## Material supplied:
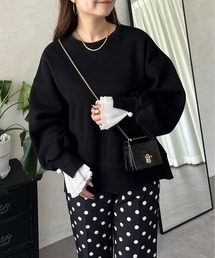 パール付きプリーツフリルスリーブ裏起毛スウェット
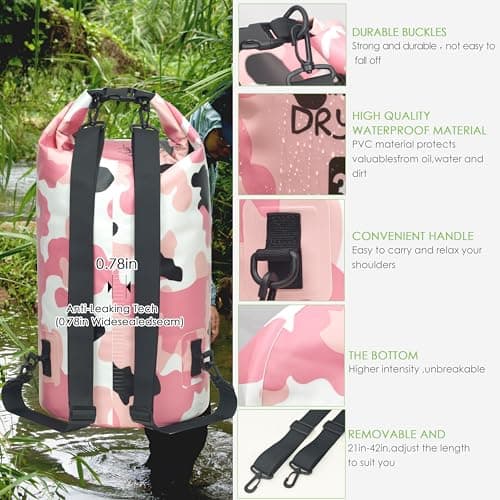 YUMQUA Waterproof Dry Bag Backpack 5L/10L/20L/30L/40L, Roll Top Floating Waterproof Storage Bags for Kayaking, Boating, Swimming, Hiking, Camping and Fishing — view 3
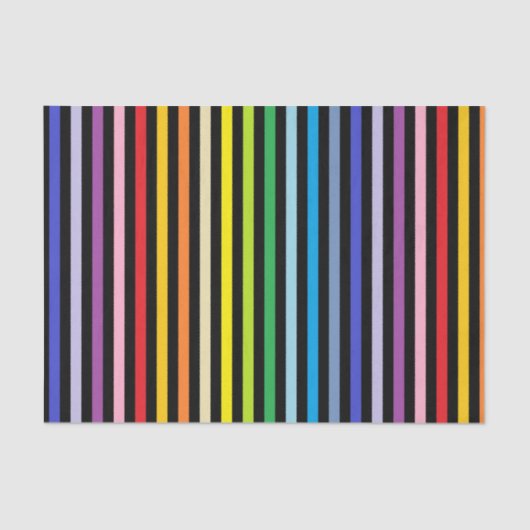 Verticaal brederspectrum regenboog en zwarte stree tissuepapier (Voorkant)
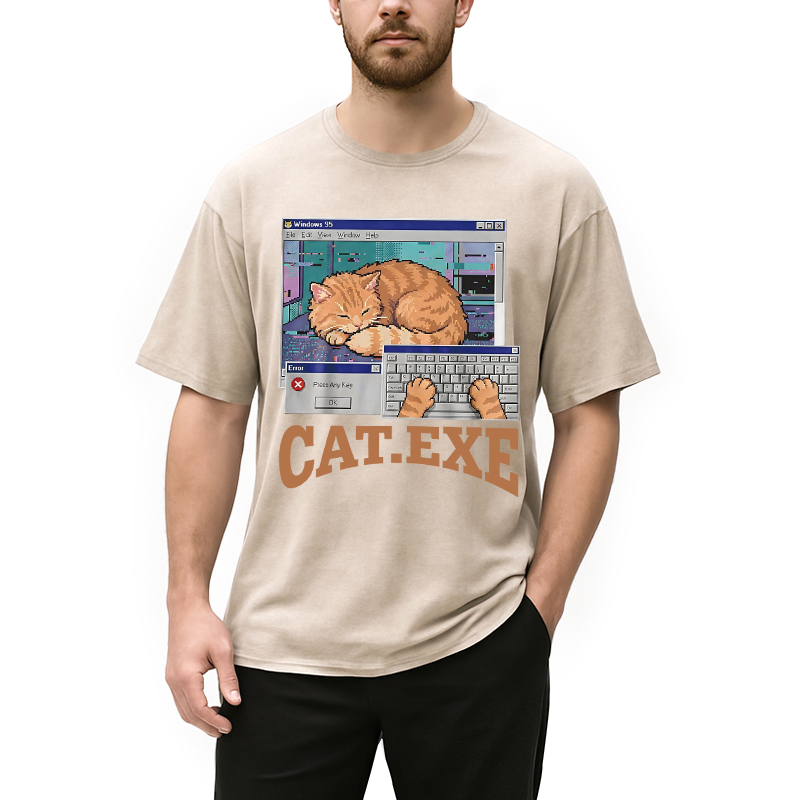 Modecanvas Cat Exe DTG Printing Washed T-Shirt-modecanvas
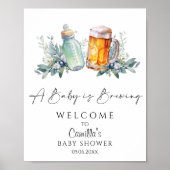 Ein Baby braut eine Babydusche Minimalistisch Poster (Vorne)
---
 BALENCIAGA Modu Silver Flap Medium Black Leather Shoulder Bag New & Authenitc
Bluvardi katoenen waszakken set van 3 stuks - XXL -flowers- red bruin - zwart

## Task to carry out:
Beginning at the line above that contains "YUMQUA Waterproof Dry", repeat each line exactly through the one that contains "Ein Baby braut", and leave out the pictures.

## Result for this task:
 YUMQUA Waterproof Dry Bag Backpack 5L/10L/20L/30L/40L, Roll Top Floating Waterproof Storage Bags for Kayaking, Boating, Swimming, Hiking, Camping and Fishing — view 3
 Verticaal brederspectrum regenboog en zwarte stree tissuepapier (Voorkant)
 Modecanvas Cat Exe DTG Printing Washed T-Shirt-modecanvas
 Ein Baby braut eine Babydusche Minimalistisch Poster (Vorne)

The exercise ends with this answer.